The Returns You Keep
The advice to “stay invested” is easy to give. It’s also suspiciously convenient when it comes from a fund manager who benefits when you don’t leave.
So we tested it. Eighteen Flexi Cap funds. Over a decade of data. A simulated investor who exits when their fund underperforms.
The answer is uncomfortable for different reasons than we anticipated.
Investor returns depend on two decisions. Which fund you pick. And what you do after you pick. Research suggests most investors get at least one wrong. The DALBAR Quantitative Analysis of Investor Behaviour estimates investors trail the very funds they invest in by nearly 2% annually. Morningstar’s Mind the Gap 2025 report found a 1% gap over a decade.
We wanted to see how this holds for Indian Equity Funds. So we analysed 18 flexi cap funds with at least a decade of history, examining both the range of outcomes across funds and what happens when investors react to underperformance by switching.
The findings: fund choice creates enormous variance in outcomes, but after accounting for taxes, reacting to that variance almost never helps.
9% apart: What fund choice costs
First, one obvious and one not-so-obvious insight from the data.
The best-performer in our data set delivered nearly 5% alpha i.e. excess return over the benchmark. The worst performer trailed by 4%.
A 9% difference in annual return compounded over more than a decade. That translates to a 3x difference in terminal wealth on the same starting investment.
The obvious truth, picking the right fund clearly matters.
Chart shows the 18 funds’ annualised excess returns over the Nifty 500.
Of the 18 Flexi cap funds with 10+ year track records, 14 beat the benchmark over the full period. Only four did not.
Picking the right fund has been more about avoiding the consistent laggards and not about finding that one superstar.

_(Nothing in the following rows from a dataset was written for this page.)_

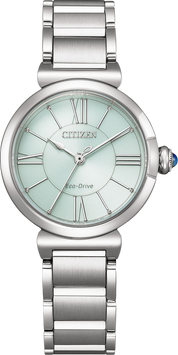 Citizen EM1070-83L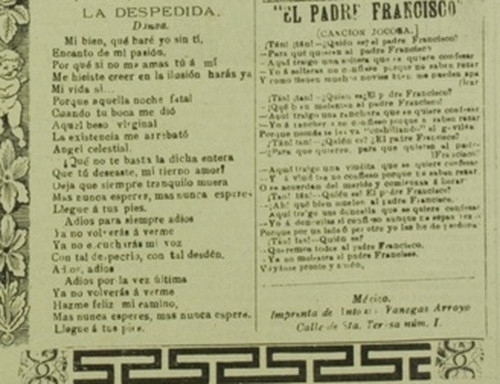 d02b90ff4ae6.jpg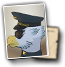 File:Generic Griffon Admiral 5 (advisor).png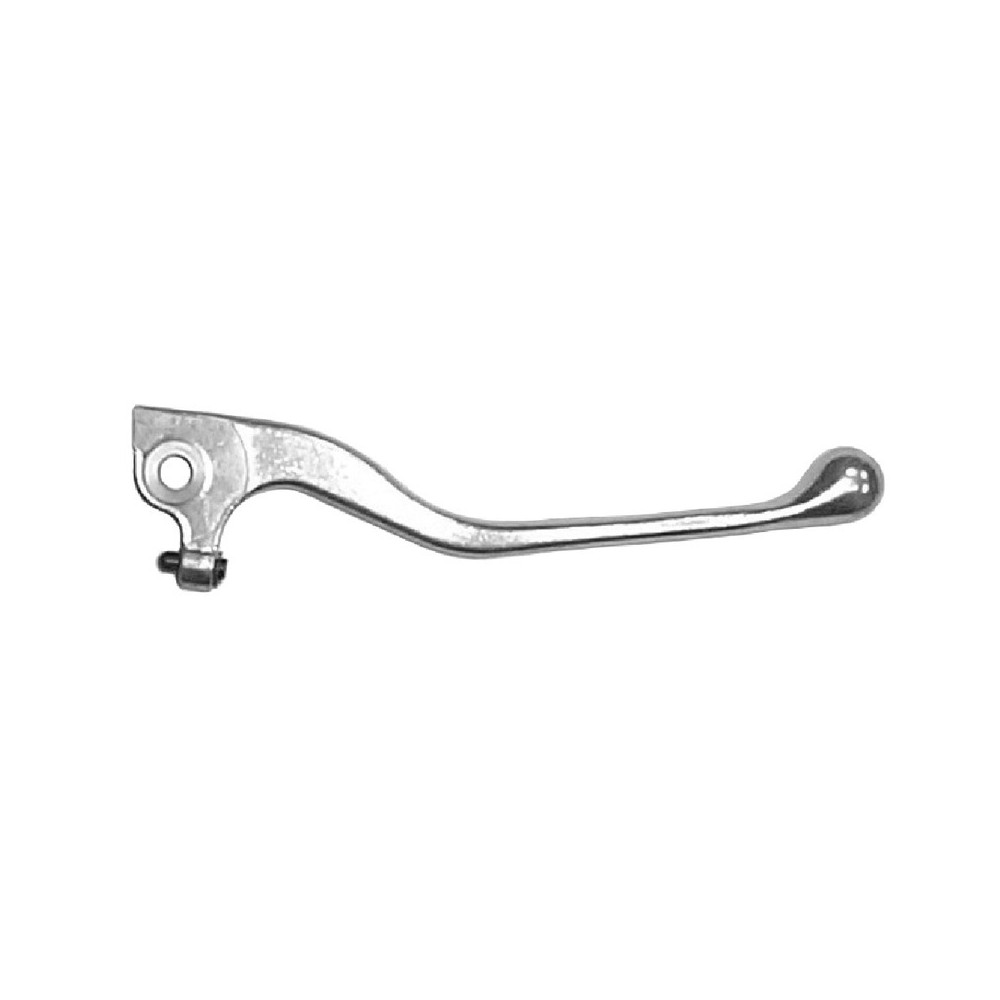 Lever Rh/Sx Argento Gas GAS280 Txt Pro 03- for BETA RR 125 05-08 and other model Motorcycle Levers MAGNETI MARELLI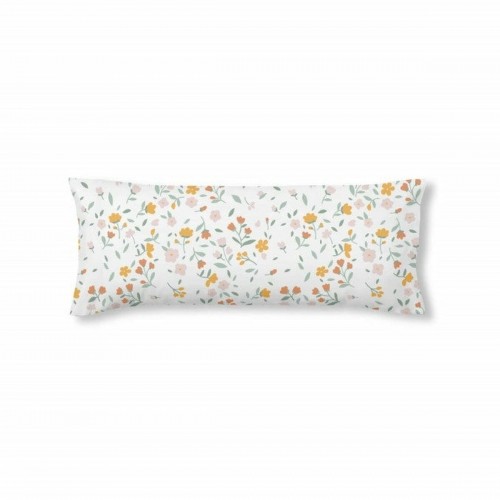 Pillowcase Decolores Akaroa Multicolour 45 x 110 cm Cotton image 1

Unless the task you set yourself is to identify the absolute top-performer, which is harder than it looks without the benefit of hindsight.
The price of admission
A finding that applies, regardless of fund quality: periodic underperformance is the norm, not the exception.
We calculated, what percentage of rolling 1-year periods, each fund trailed the benchmark.
The best-performing fund in terms of excess returns, Fund L, spent a quarter of the period underperforming the benchmark. That means an investor tracking its performance would cringe once in every four periods.
Other solid performers, Fund N, F, H, I; spent a third of their time trailing the benchmark.
At the other end, the worst performers spent 70 to nearly 80% of their time underperforming. But even the outperforming funds on average underperformed (on one-year basis), 40% of the time.
Fund O trailed the benchmark half the time yet outperformed overall. Comparatively, Fund R trailed less often, yet underperformed. Frequency of underperformance didn’t predict outcome.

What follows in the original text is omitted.